Posts by pianoman [MLC@Home Admin]

1) Message boards : News : DS3 Dataset of 1 million trained neural networks is available for download! (Message 1510)
Posted 18 days ago by pianoman [MLC@Home Admin]
Post:
Hello volunteers!

Just a quick note that Dataset 3 is finally posted for download at our site https://www.mlcathome.org/mlds.html! Dataset 3 was completed a few months ago, but due to its massive size (2.25TB in all), and us emphasizing our own analysis over packaging the results for download, its taken us until now to make it available.

As a reminder, DS3 contains over 1 million trained neural networks (10,000/ea modelling 100 different automata), with a goal of analyzing how networks of the same size and shape encode similar-but-not-exact training data. Expect an updated paper soon!

We've always held that if the public is doing work for this project, then the results of that work should be made available back to the public to further science. As of right now, all of DS1, DS2, and DS3 are available to the public under a CC-BY-SA 4.0 license. We will do the same with DS4 when it completes.

DS3 is released via torrents due to its size. A few volunteers have already downloaded and seeded these (very large) files, so hopefully new downloads should be a bit quicker than us just serving from our singular server. The torrent files are listed on our website, and we're using the Academic Torrents tracker (see: https://academictorrents.com/browse.php?search=mlds.

Thanks again to all our volunteers! DS3 is quite an accomplishment!

-- The MLC@Home Admins(s)
Homepage: https://www.mlcathome.org/
Discord invite: https://discord.gg/BdE4PGpX2y
Twitter: @MLCHome2
2) Message boards : News : MLC@Home inconsistent work generation for the next few months (Message 1502)
Posted 17 Apr 2022 by pianoman [MLC@Home Admin]
Post:
TL;DR: MLC is entering an analysis phase, and new work will be bursty and inconsistent for at least the next few months. Please adjust your BOINC contributions accordingly!

Over the past several months we (MLC@Home admins) have turned our attention to the analysis of the results our volunteers have contributed. With the completion of DS1/2/3, and the partial results of DS4, we're really excited to polish up some papers and publish some results. (Along those lines, look for an announcement of availability of all 5 tiers of DS3 datasets later today or tomorrow, just need to set up a torrent for 1.3TB DS3-10000 dataset).
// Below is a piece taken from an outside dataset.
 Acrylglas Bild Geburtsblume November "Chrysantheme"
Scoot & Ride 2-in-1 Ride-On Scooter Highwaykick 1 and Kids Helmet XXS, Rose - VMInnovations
In addition, DS4 results are larger than we anticipated and also don't require as much computation time to complete. So when we release DS4 WUs our volunteers churn through them in only a few days time while also filling up the disk space on the server. This is a great problem to have, but also forces us to be judicious about sending out work to make sure we've archived enough old results off the server to handle the influx of new results.
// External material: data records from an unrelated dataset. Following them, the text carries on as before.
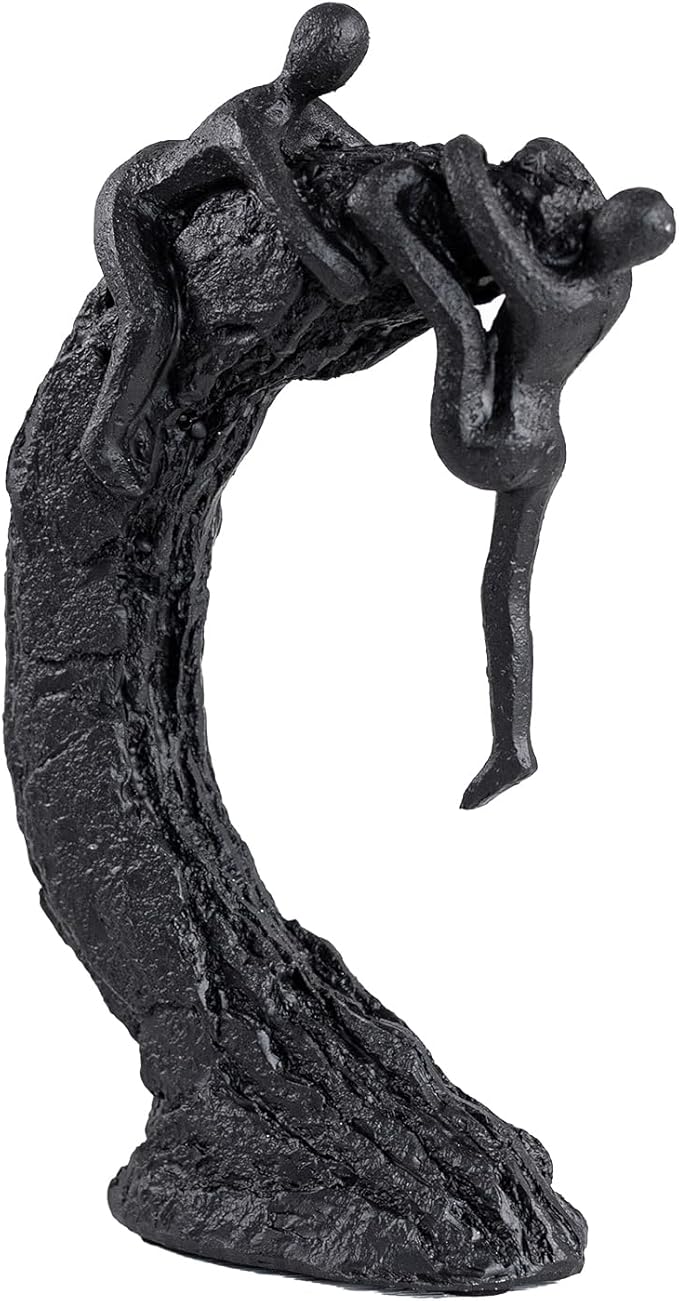 Hebdids Modern Art Sculpture - Living Room and Office Dynamic Climbing Wall Character Decoration, Black Statue,9 x 5.51 x 1.97inches Elegant Black Home Decoration Gift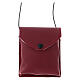 Pyx burse in burgundy leather and satin s1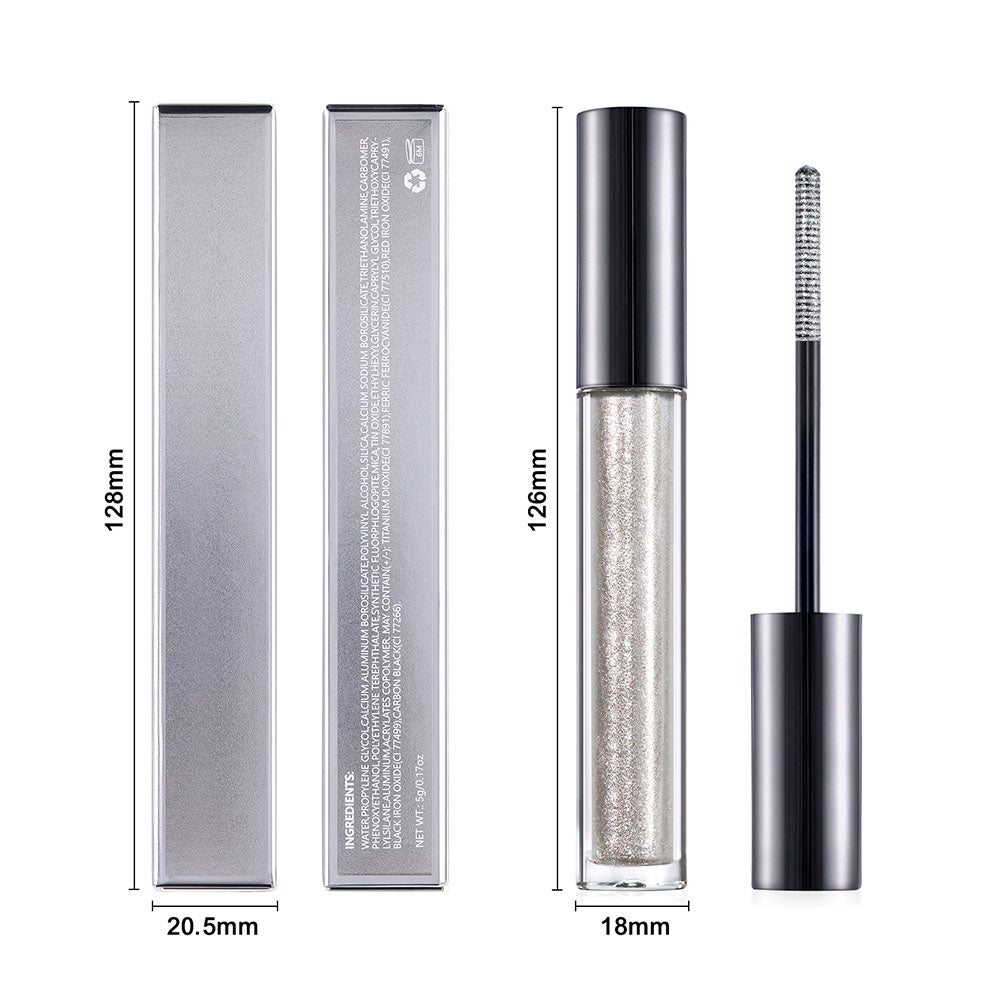 14-Color Chameleon Mascara Lengthening Waterproof Shimmer Long-Lasting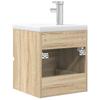 2 Piece Bathroom Furniture Set Sonoma Oak Particleboard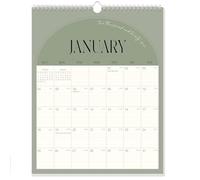 GuassLee Calendrier mural 2024-2025 - 19 mois de juin 2024 à décembre 2025, 27,9 x 35,6 cm, avec liste de choses à faire pour bureau, famille, enseignant, bureau facile à organiser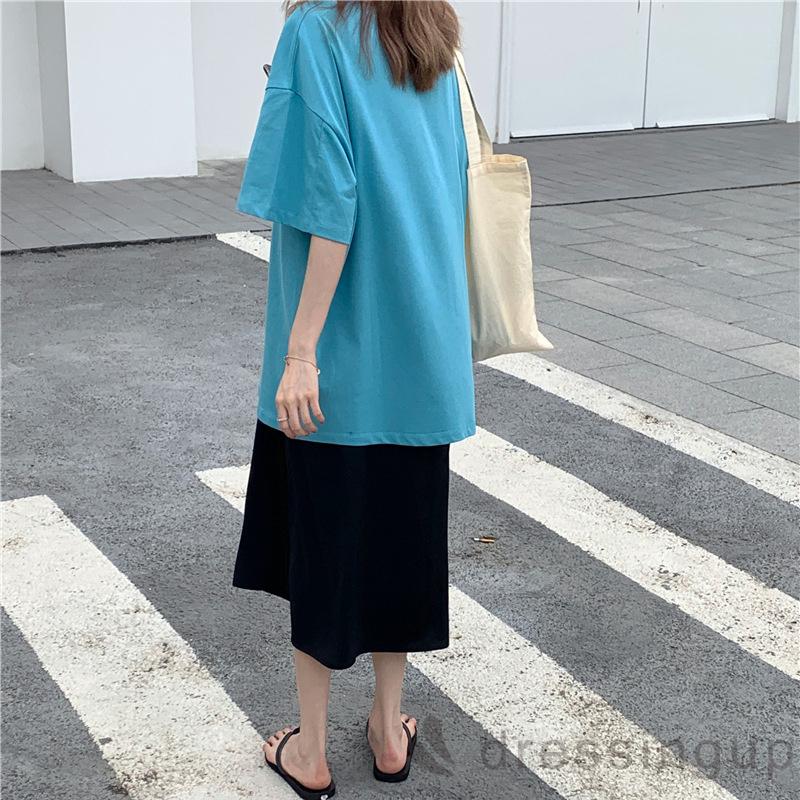 Áo Thun Nữ Tay Ngắn Dáng Rộng In Chữ Cá Tính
The upshot of all this is that we don't have the resources to both do the analysis and prepare/maintain consistent meaningful work units. So rather that just keep pushing out work that'll keep WUs flowing but has less scientific meaning (such as creating more DS3 networks just to create a bigger dataset), we'd rather just announce that MLC@Home WUs work will be inconsistent for at least the next several months. We expect to release batches of DS4 WUs every few weeks, but it won't be the constant work availability you're used to from the project over the past two years.

We realize this will cause us to lose some volunteers, but that's why we're trying to be upfront about this now so that everyone can decide if and how to allocate their BOINC contributions accordingly. We hope that you'll consider leaving MLC in your projects list and help us crunch WUs when we have them, but understand if choose not to.

A few key things to note:

  • Are you shutting down? . No, not at this time. Beyond the stated goals for DS4 above, we have some ideas where we would like to go in the future. But the main admin needs to spend time finishing up their thesis, so those plans will be on hold until after that is complete. If those plans don't come to fruition, then we will be up front here and actively shut down the project. We promise we won't just leave abandon it with no notice!
  • What about all the work the volunteers have done? DS1/DS2 datasets are all available for download at https://www.mlcathome.org/mlds.html, and DS3 will be soon (via torrent). As DS4 completes we promise to make those available too at the same place.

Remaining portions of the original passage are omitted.